*Your task*
Verbatim transcription with images omitted: return the entries below in full.

+ + + + + + +

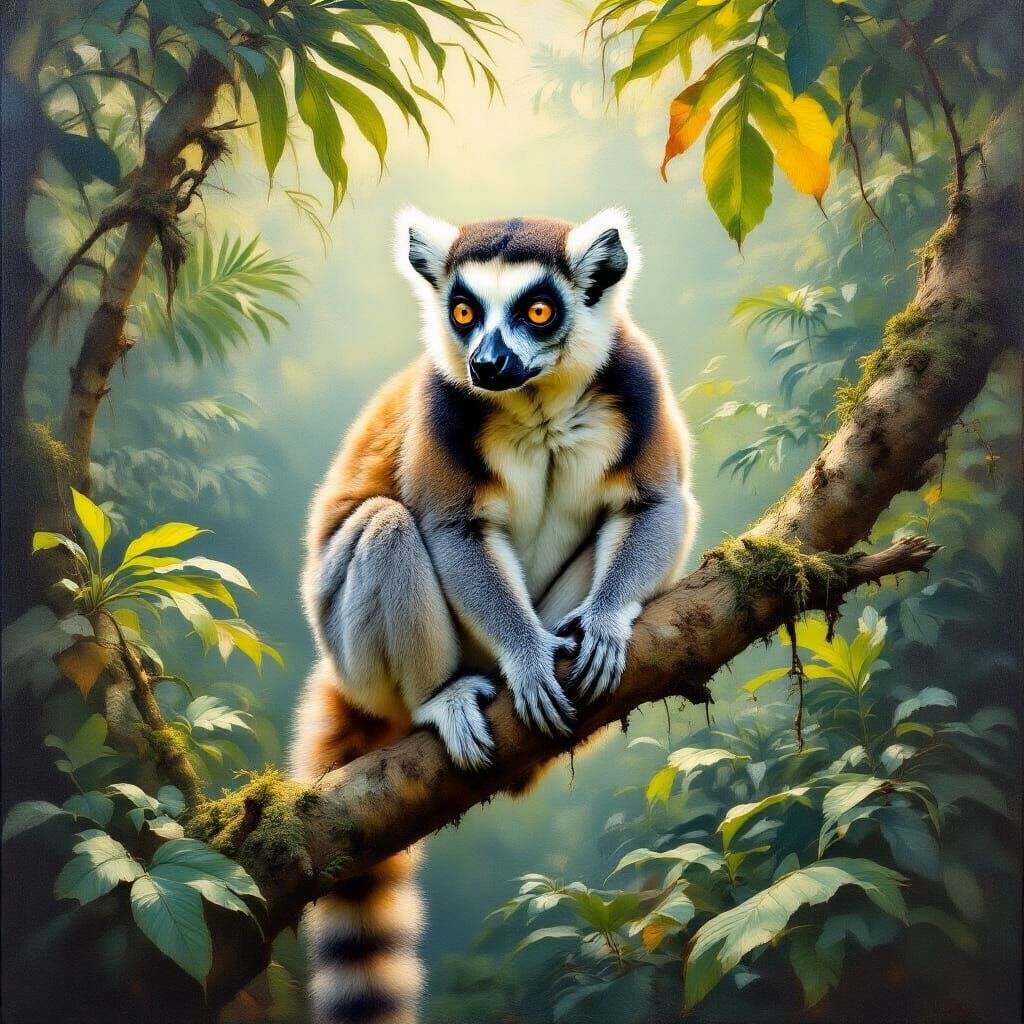 Lemur Perched on Tree Branch in Lush Habitat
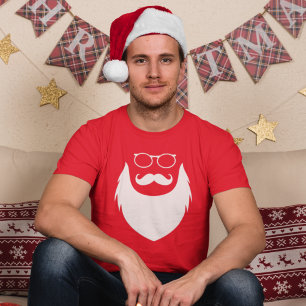 Weihnachtsbart und Brille Männer T-Shirt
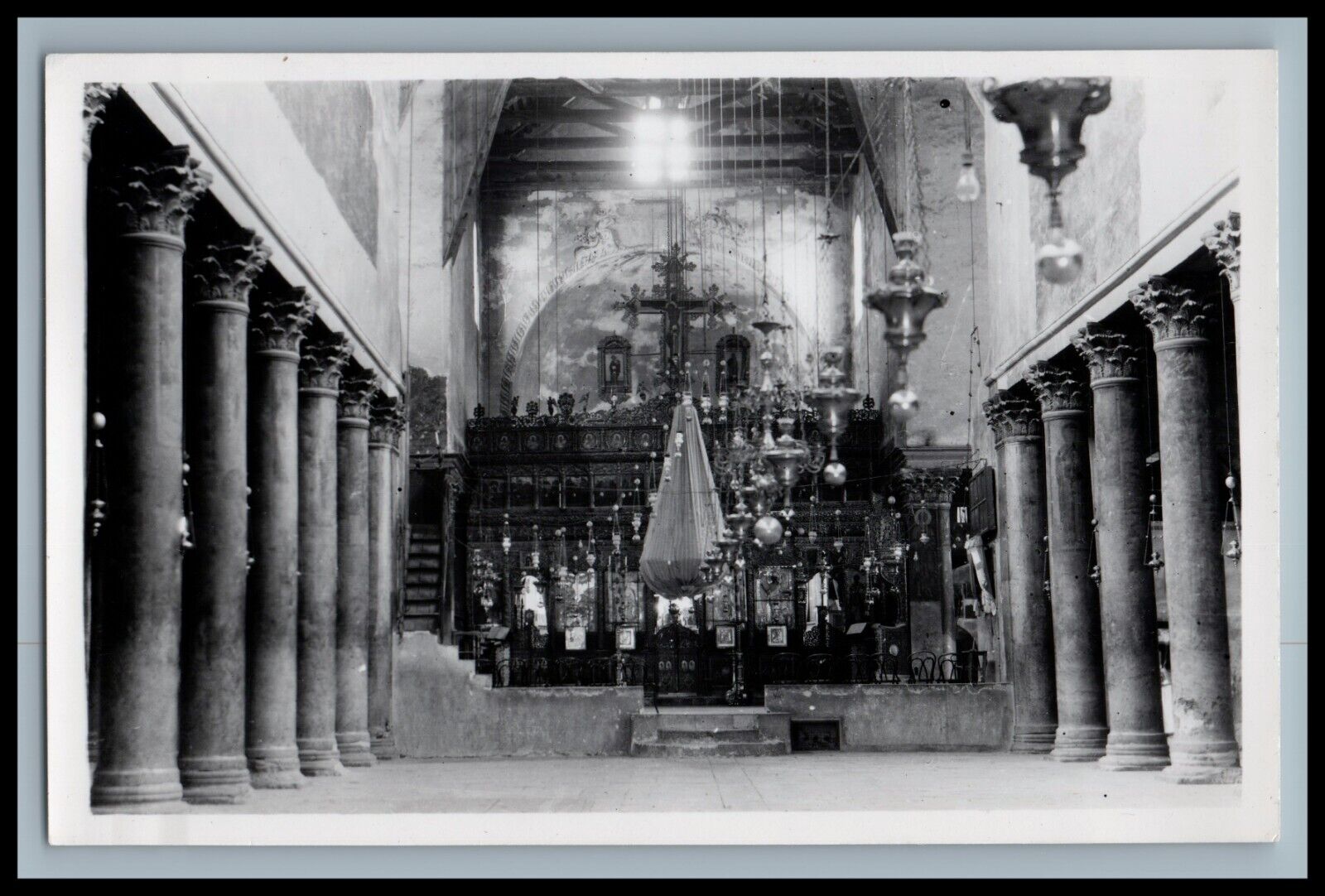 CHURCH OF THE NATIVITY Vintage RPPC Photo Postcard c1950s Photo Leon Jerusalem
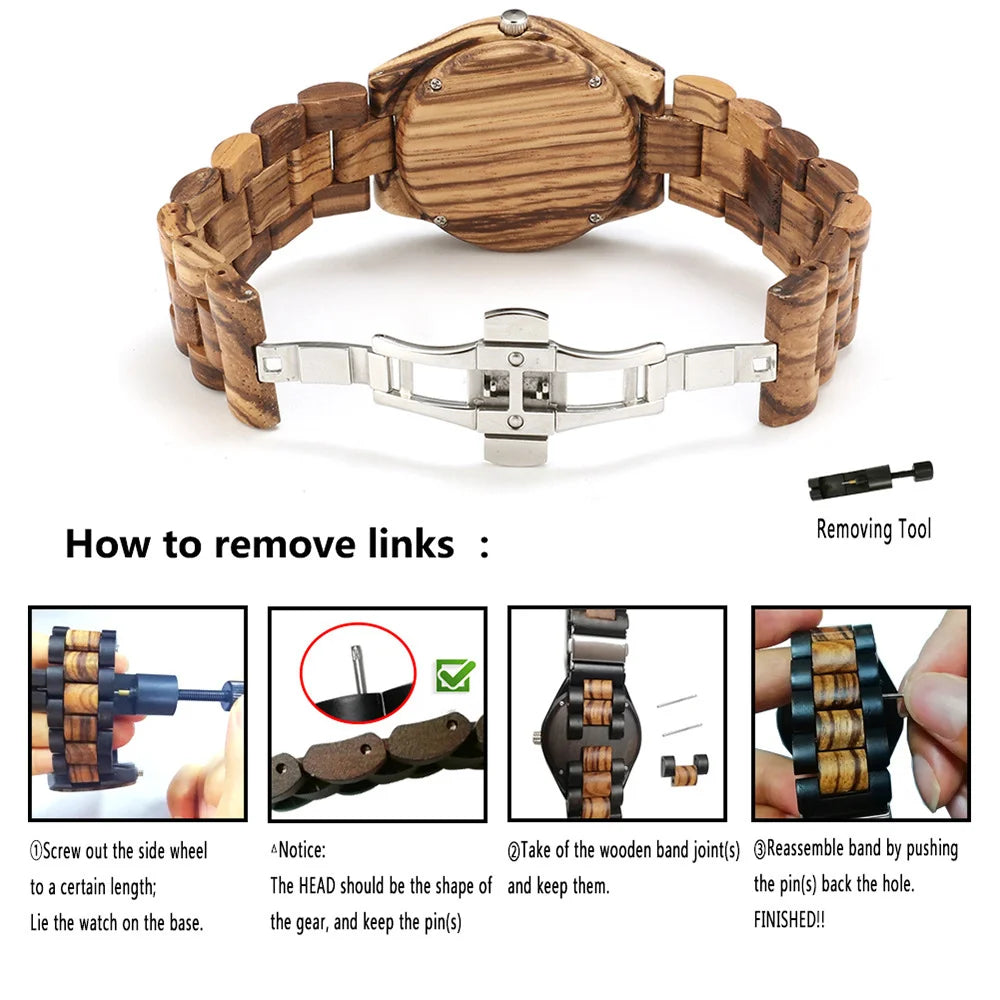 Women's Wood & Diamond Dial Quartz Watch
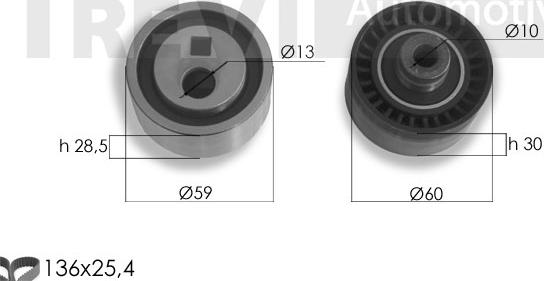 Trevi Automotive KD1336 - Комплект зубчатого ремня ГРМ autospares.lv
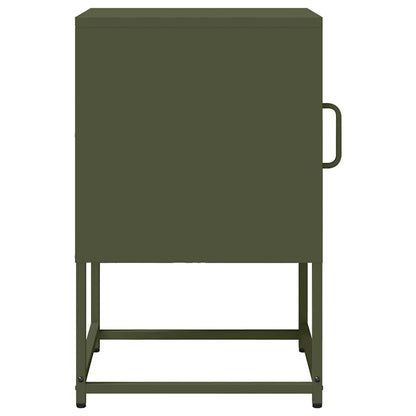 Olive Green Bedside Cabinet - Cold-Rolled Steel, 36x39x60.5 cm
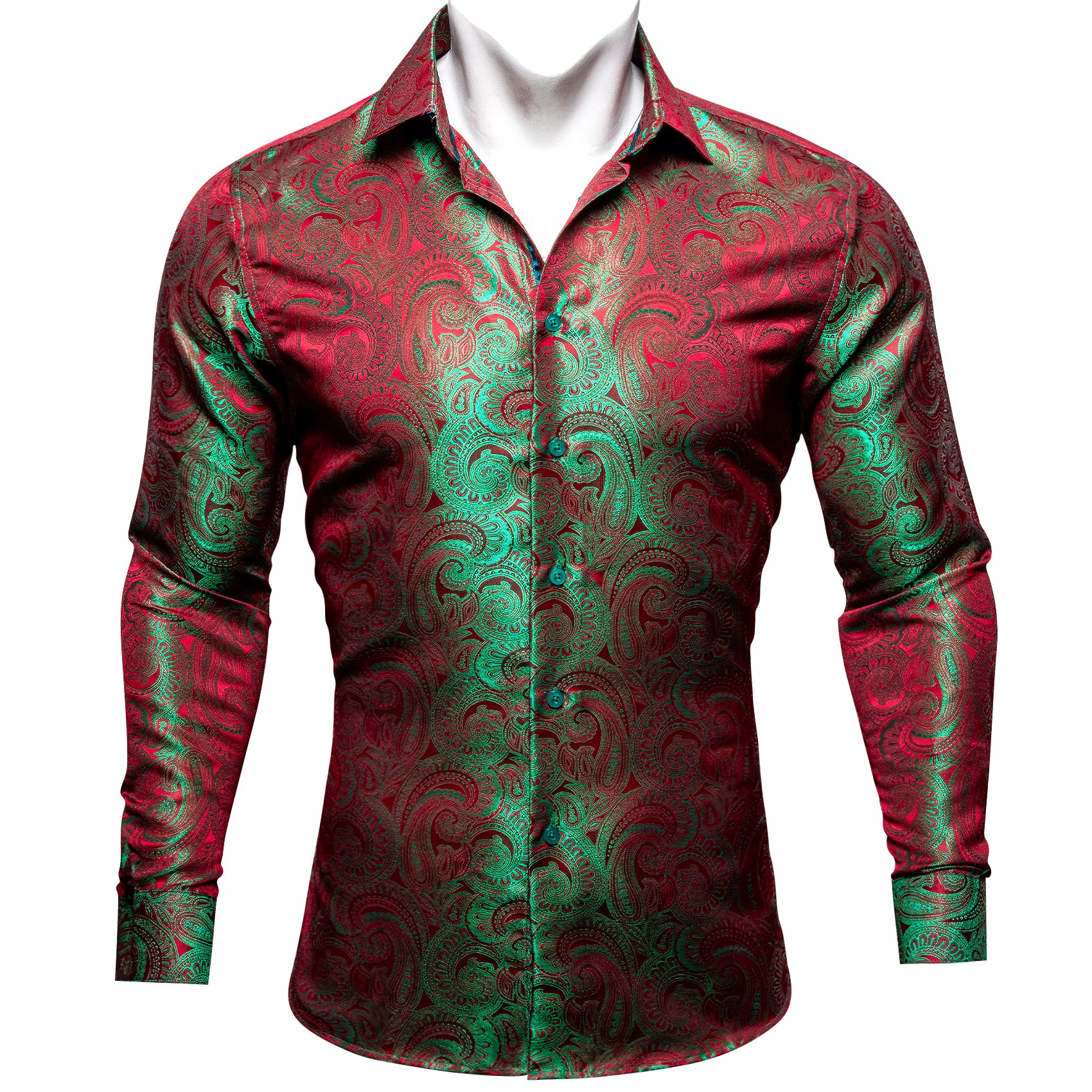 men's patterned dress shirts red shirt green paisley Jacquard long sleever shirt  red green shirt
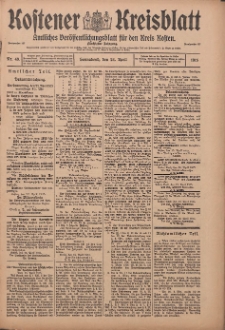 Kostener Kreisblatt: amtliches Veröffentlichungsblatt für den Kreis Kosten 1915.04.24 Jg.50 Nr49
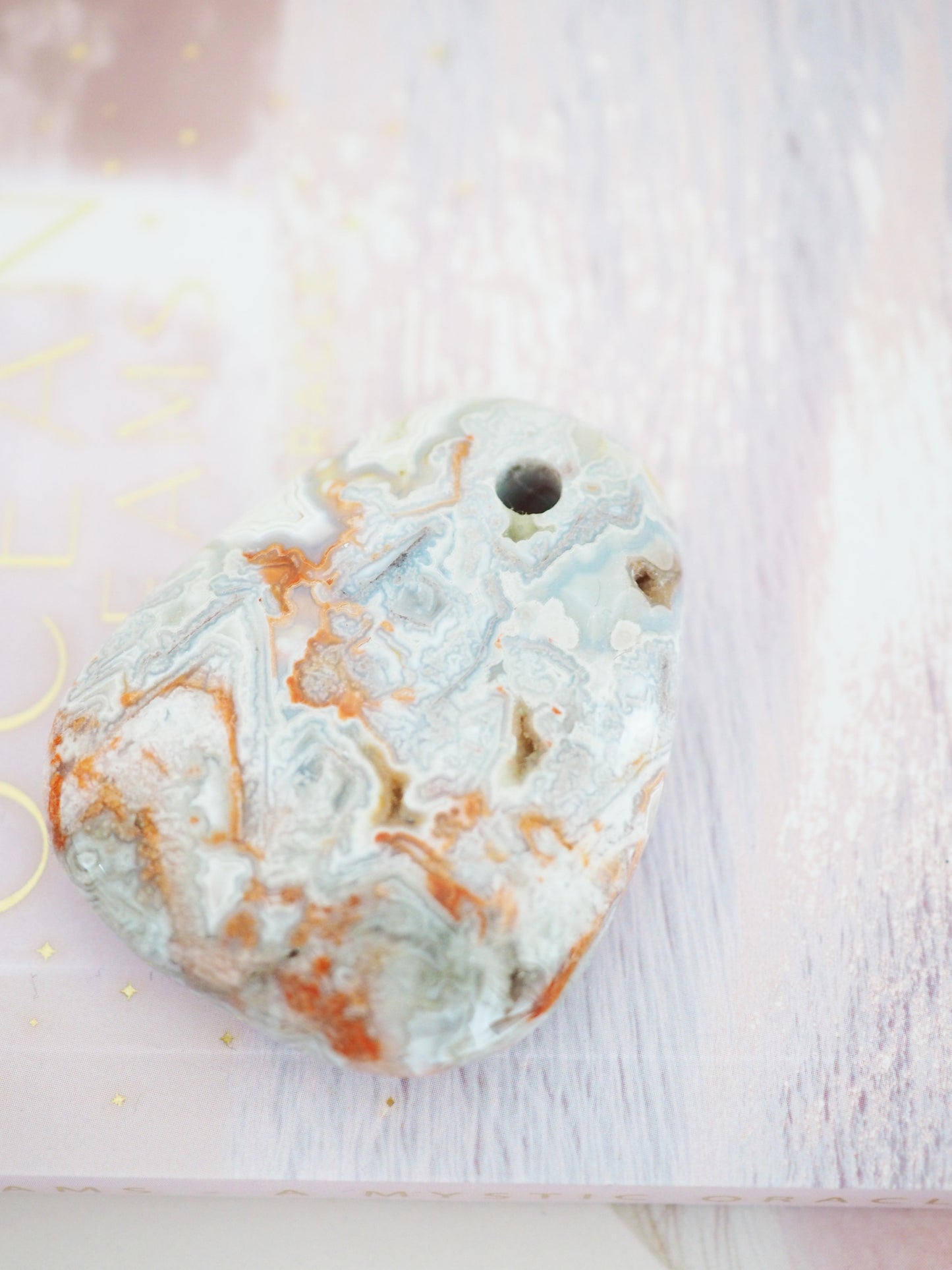 Verrückter Spitzen Achat Anhänger gebohrt . Crazy Lace Agate ca. 4.5 cm - Mexiko HIGH QUALITY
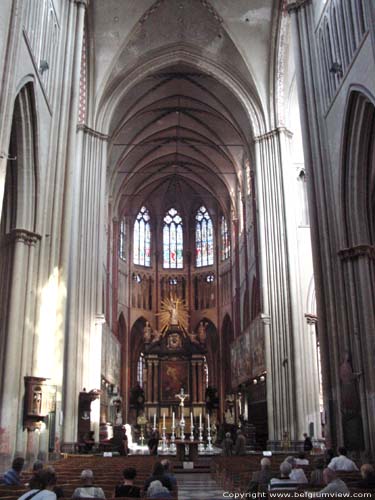 Sint-Salvatorskathedraal BRUGGE foto Zicht op het 13e eeuws gotisch koor met het kruisribgewelf en de bundelpijlers.
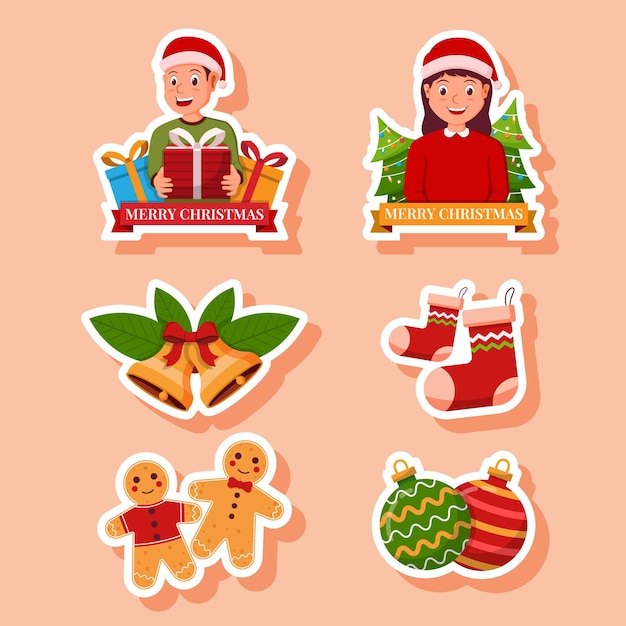 un conjunto de pegatinas para Navidad con una chica en el frente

+ + + + + + +

*Response to the task*
 Lemur Perched on Tree Branch in Lush Habitat
 Weihnachtsbart und Brille Männer T-Shirt
 CHURCH OF THE NATIVITY Vintage RPPC Photo Postcard c1950s Photo Leon Jerusalem
 Women's Wood & Diamond Dial Quartz Watch
 Trevi Automotive KD1336 - Комплект зубчатого ремня ГРМ autospares.lv
 Olive Green Bedside Cabinet - Cold-Rolled Steel, 36x39x60.5 cm
 men's patterned dress shirts red shirt green paisley Jacquard long sleever shirt  red green shirt
 Kostener Kreisblatt: amtliches Veröffentlichungsblatt für den Kreis Kosten 1915.04.24 Jg.50 Nr49
 Verrückter Spitzen Achat Anhänger gebohrt . Crazy Lace Agate ca. 4.5 cm - Mexiko HIGH QUALITY
 Sint-Salvatorskathedraal BRUGGE foto Zicht op het 13e eeuws gotisch koor met het kruisribgewelf en de bundelpijlers.
 un conjunto de pegatinas para Navidad con una chica en el frente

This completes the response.